The cost is one extra layer of indirection. The benefit is roughly a 5 task, and an 8-14 point lift on standard agentic benchmarks like SWE-bench Verified.
The pattern is closest to the orchestrator-worker decomposition described in Anthropic’s Building Effective Agents post. The variations are mostly about how strict the planner is and how much autonomy each executor has.
The failure mode to watch for is planner overfitting. The planner writes a plan that looks plausible but contains a step that cannot actually be executed (the tool does not exist, the data is not available, the assumption is wrong). The fix is to make executors return structured failures with context, and re-run the planner with the failures included in its input.
Evaluation is the part nobody wants to build
Every agent system I have shipped or watched ship has reached a point where it works on the cases the team thought about and fails on the cases they did not. The only way out is evaluation.
The pattern that holds up: a small, fast evaluation harness that runs on every change. Not a Kaggle-style leaderboard. Not a research benchmark. A handful of canonical tasks, each with a deterministic checker, that you can run in under a minute and that tells you whether the agent got worse.
For Leviathan’s equity research agent, the harness has four task shapes:
Where the four shapes are:
- Forensic accounting: given a ticker with known fraud signals, does the agent surface the right red flags?
- DCF reconstruction: given a public filing, does the agent produce a DCF whose intrinsic value falls within a tolerance band of the analyst consensus?
- Peer selection: given a target ticker, does the agent pick a peer set that overlaps with a curated human-picked set by at least 60 percent?

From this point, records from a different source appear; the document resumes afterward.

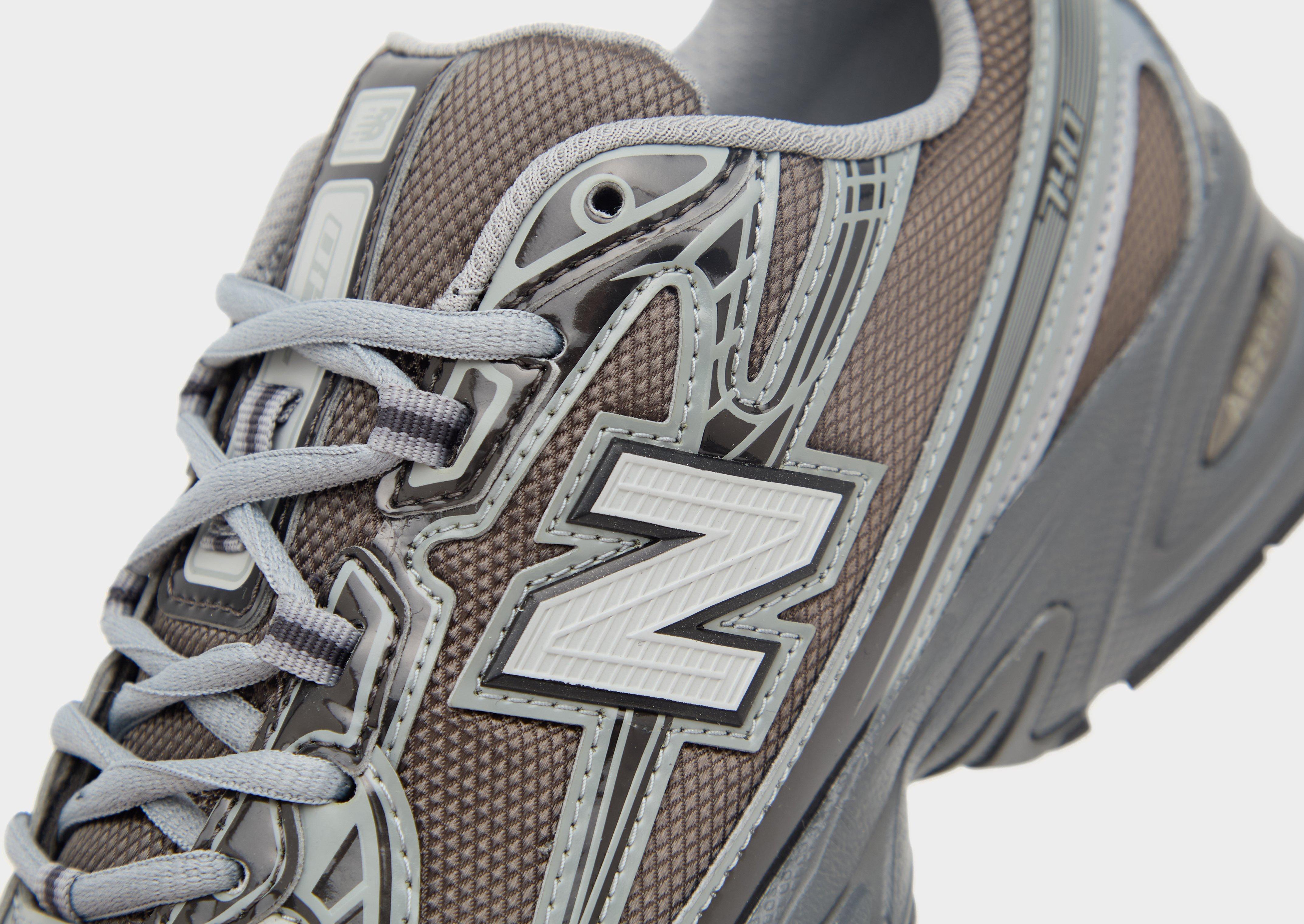 New Balance 740 Women's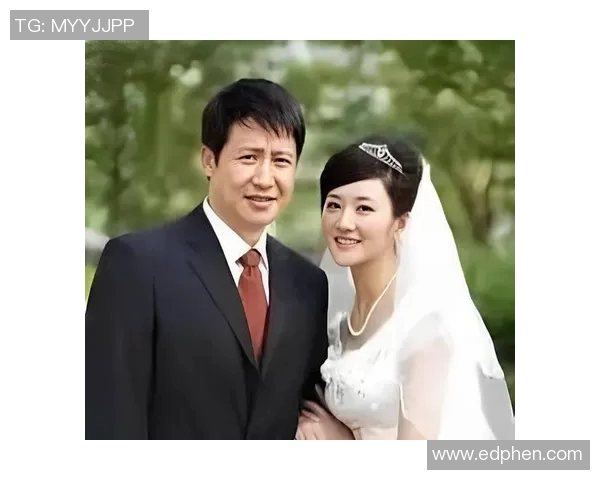 贾诚的成长之路：从默默无闻到璀璨人生的奋斗故事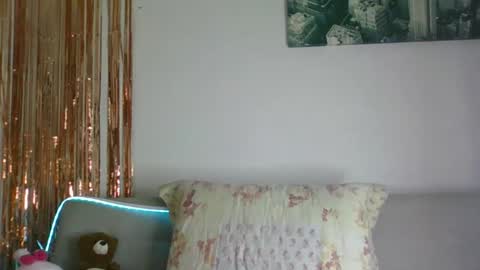 Snapshot of aleska_dollx chatting on November 29, 9:29 pm QUEEN OFF MILk IM BACK 15 NOV online show from November 29, 9:29 pm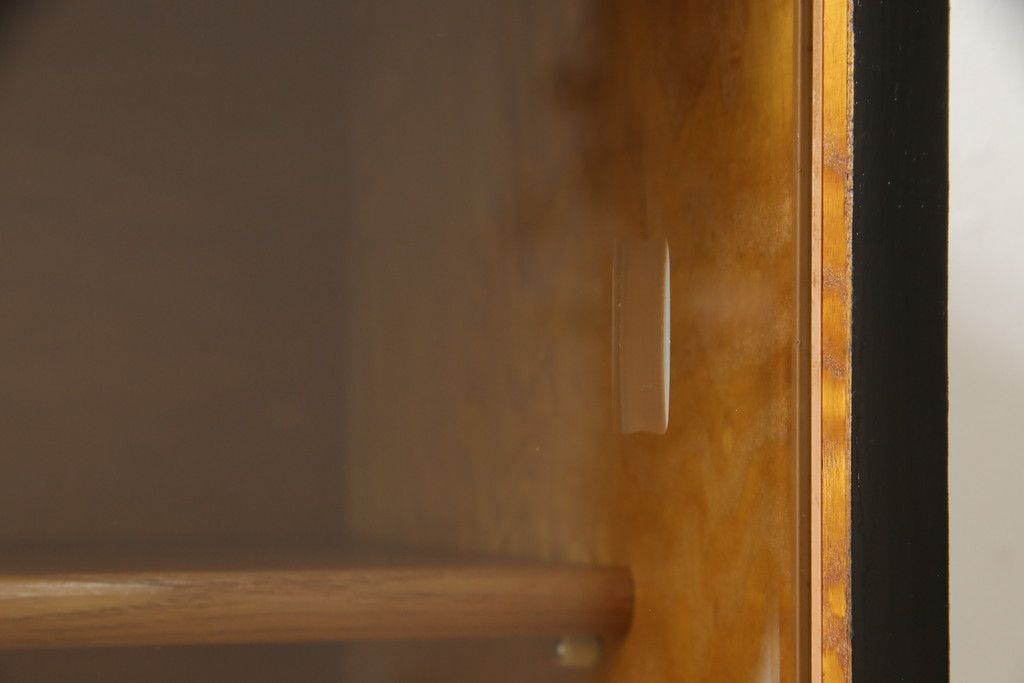 収納棚をサイドボードと小引き出しにリメイク!上段は脚を取り付け、ツートーンに塗装してサイドボードに。小引き出しは下段の引き出し3杯を活用。引き出し部分以外は新たに制作し、脚は既存の柱を移設。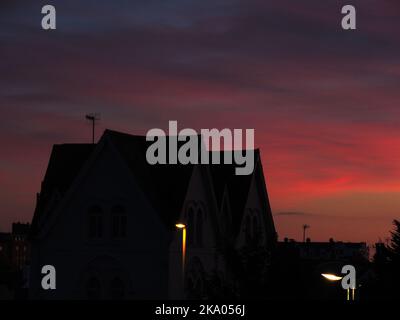 AJAXNETPHOTO. JULI 2022. WORTHING, ENGLAND. - PURPURROTER HIMMEL - SOMMER DER NÖRDLICHEN HEMISPHÄRE. WOLKENBILDUNG AUF STRATUS-EBENE, WENN DIE SONNE ÜBER WEST WORTHING UNTERGEHT.FOTO:JONATHAN EASTLAND/AJAX. REF:P78 222410 129 Stockfoto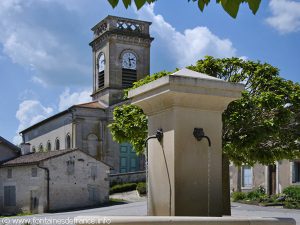 La Fontaine Place de la Mairie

- Citation discipline: does every quantitative claim in the output trace back to a retrieved source?
That last one matters. Models hallucinate citations. Without an automated check, this rot accumulates silently until someone notices in production.
The harness is roughly 800 lines of Python. It is the most valuable 800 lines in the codebase.
What gets pruned
A few patterns that looked promising in 2025 did not hold up:
- Long autonomous loops without checkpointing. Anything over about ten tool calls without human or evaluator intervention drifts. The fix is checkpointing every few steps and asking “is the next action still on the path to the goal?”
- Self-correction loops that rely only on the model’s judgment. The model is bad at noticing its own mistakes in the same context window where it made them. Self-critique works much better when the critic is a fresh context.
- Memory systems that try to remember everything. Most “agent memory” implementations end up as expensive vector databases that surface stale information. Persistent files with explicit naming and explicit invalidation are usually better.
The throughline across the patterns that survive: they treat the model as a reasoning component embedded in a system, not a magic oracle. The engineering work is on the system. The model is one component. A good one, but one.
Where this is going
The trajectory I am betting on, after watching Claude 4.6 then 4.7 then GPT-5.5 land in quick succession: the models keep getting better at planning and at calling tools, but the gap between “demo agent” and “production agent” stays wide. That gap is mostly engineering. Context discipline, tool interface design, planner-executor decomposition, and evaluation harnesses are the load-bearing pieces.
The teams that win in the next two years are not the ones with the biggest models. They are the ones that have built the infrastructure to use those models with discipline.
That is the bet, anyway. We will see how it ages.